Peki neden bu hale geldik? Çünkü İslam’ı sadece kimlik kartında yazan bir din olarak algılayanlar çoğaldı. Dindarlığı yaşamak yerine sadece isim olarak taşıyan bir toplum oluştu. Dinî konular konuşulunca hemen “gerici” yaftası yapıştırılıyor. Ama mesele futbol, magazin ya da fal olduğunda insanlar her detayı öğrenmeye can atıyor.
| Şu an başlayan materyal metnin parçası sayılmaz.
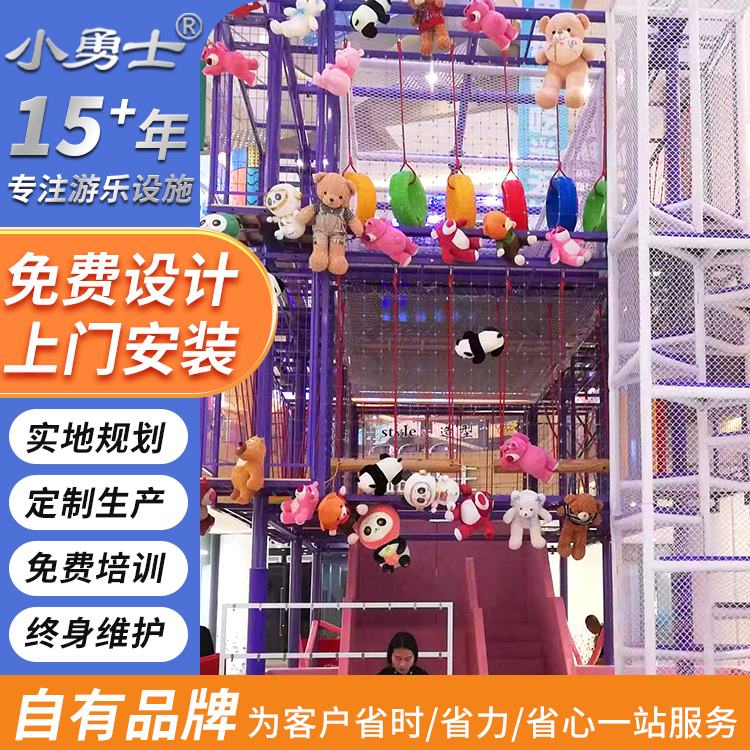 室内儿童拓展器械 大型攀爬架乐园器材 景区游乐场乐园项目承接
Bir gerçek var ki; “İnandığınız gibi yaşamazsanız, yaşadığınız gibi inanmaya başlarsınız.” Hz. Ömer (R.A.)’in bu uyarısı, bugünkü İslam dünyasının içinde bulunduğu hali tam olarak özetliyor. Müslüman, dinine sahip çıkmalı, evlatlarına İslami ölçülerde hayatı öğretmeli ve bu sapkınlığa karşı susmamalıdır. Çünkü suskunluk, suça ortak olmaktır.